While no one was willing to call the
locals here friendly there was a change in their demeanor over the course
of the mission. While The
173d comes in full force they are quick to change tact’s, talking to
leaders, talking to merchants and explaining why they are there, listening
to concerns and generally trying to make everyone feel more at
ease.
“I really do think that there are some
unfriendly people here that don’t like Americans but I think you would
find that anywhere in Iraq or even any part of the world,” he said. “But I think that mostly in this
area the people are just confused.
Confused and scared.
When you come in here with 8 large helicopters, a battalion of
Bradley fighting vehicles and a bunch of paratroops to swarm the area you
scare some people. You hit
them hard but then you pull back and you go out and you start talking to
them and you tell them what you’re there for.”

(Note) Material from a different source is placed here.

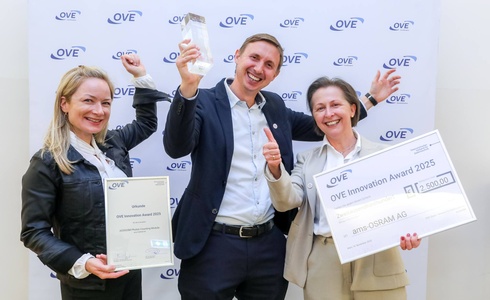 Drei Personen feiern den Gewinn des OVE Innovation Award 2025.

And the colonel isn’t above doing some
of that talking.
“I sat yesterday having tea with some
of the people here. We
were driving by and they waved at us and invited us inside for tea. We just talked to them. We described what it was we were
doing and why. Come to
find out two of the individuals had just gotten out of (an American) jail
in Tikrit. Where else in the
world can you sit with people you just detained for questioning and drink
tea?” he said laughing.
It’s a struggle to understand the
culture. I think we’re
starting to figure it out.
Once you understand the conditions, the right and left limit, I
think you can get a lot accomplished.”